INSTRUCTIONS TO FOLLOW -> Without the pictures, repeat all of the data exactly as it appears below.

··· PROVIDED MATERIAL

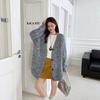 Korean Style Loose Knit Cardigan for Women - Versatile, Thick Autumn/Winter 2025 Sweater Coat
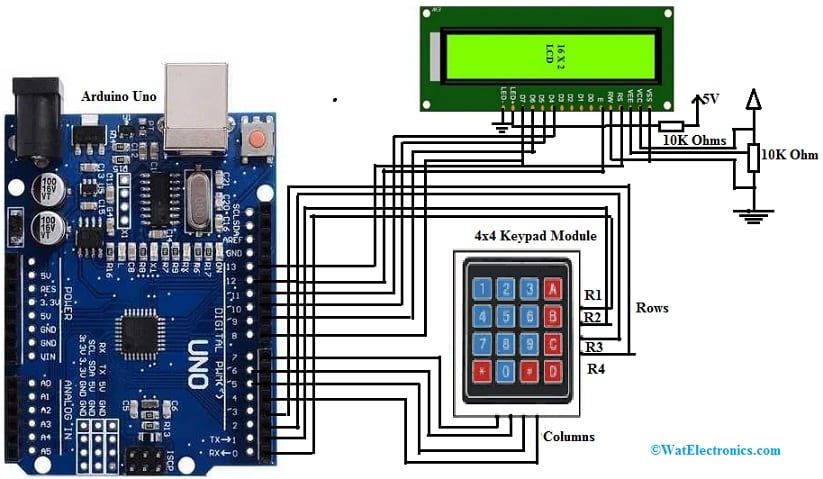 Circuito keypad y LCD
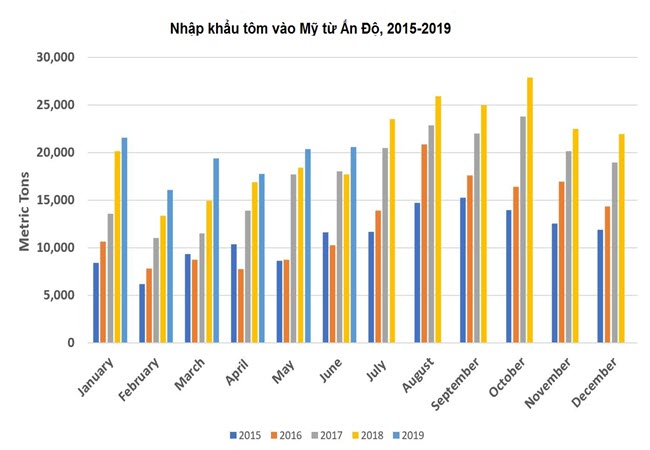 Mỹ Tăng Nhập Khẩu Tôm Nửa Đầu Năm 2019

······

EXPECTED ANSWER ->
 Korean Style Loose Knit Cardigan for Women - Versatile, Thick Autumn/Winter 2025 Sweater Coat
 Circuito keypad y LCD
 Mỹ Tăng Nhập Khẩu Tôm Nửa Đầu Năm 2019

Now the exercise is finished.